Make sure to install the dependencies.

In [1]:
!pip install torch==2.1.0+cu121
!pip install torchtext==0.16.0
!pip install torchdata==0.7.0
!pip install portalocker>=2.0.0
!pip install spacy===3.6.0
!python -m spacy download en_core_web_sm
!python -m spacy download de_core_news_sm

Collecting torchdata==0.7.0 (from torchtext)
  Using cached torchdata-0.7.0-cp310-cp310-manylinux_2_17_x86_64.manylinux2014_x86_64.whl (4.7 MB)
Installing collected packages: torchdata
  Attempting uninstall: torchdata
    Found existing installation: torchdata 0.7.1
    Uninstalling torchdata-0.7.1:
      Successfully uninstalled torchdata-0.7.1
Successfully installed torchdata-0.7.0
2023-12-25 05:22:06.148258: E external/local_xla/xla/stream_executor/cuda/cuda_dnn.cc:9261] Unable to register cuDNN factory: Attempting to register factory for plugin cuDNN when one has already been registered
2023-12-25 05:22:06.148316: E external/local_xla/xla/stream_executor/cuda/cuda_fft.cc:607] Unable to register cuFFT factory: Attempting to register factory for plugin cuFFT when one has already been registered
2023-12-25 05:22:06.149772: E external/local_xla/xla/stream_executor/cuda/cuda_blas.cc:1515] Unable to register cuBLAS factory: Attempting to register factory for plugin cuBLAS when one has a

**Now, Restart the session as new libraries were installed**

## Data Sourcing and Processing

[torchtext library](https://pytorch.org/text/stable/)_ has utilities for creating datasets that can be easily
iterated through for the purposes of creating a language translation
model. In this example, we show how to use torchtext's inbuilt datasets,
tokenize a raw text sentence, build vocabulary, and numericalize tokens into tensor. We will use
[Multi30k dataset from torchtext library](https://pytorch.org/text/stable/datasets.html#multi30k)_
that yields a pair of source-target raw sentences.

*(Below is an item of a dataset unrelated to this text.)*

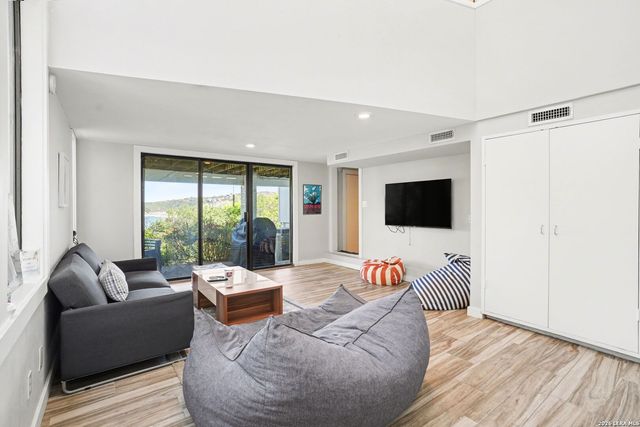 1820 Triple Peak, Canyon Lake, TX 78133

To access torchtext datasets, please install torchdata following instructions at https://github.com/pytorch/data.




In [1]:
from torchtext.data.utils import get_tokenizer
from torchtext.vocab import build_vocab_from_iterator
from torchtext.datasets import multi30k, Multi30k
from typing import Iterable, List


# We need to modify the URLs for the dataset since the links to the original dataset are broken
# Refer to https://github.com/pytorch/text/issues/1756#issuecomment-1163664163 for more info
multi30k.URL["train"] = "https://raw.githubusercontent.com/neychev/small_DL_repo/master/datasets/Multi30k/training.tar.gz"
multi30k.URL["valid"] = "https://raw.githubusercontent.com/neychev/small_DL_repo/master/datasets/Multi30k/validation.tar.gz"
multi30k.URL["test"] = "https://raw.githubusercontent.com/neychev/small_DL_repo/master/datasets/Multi30k/mmt16_task1_test.tar.gz"

data_train_iterator = Multi30k(split='train')
data_val_iterator = Multi30k(split='valid')
data_test_iterator = Multi30k(split='test')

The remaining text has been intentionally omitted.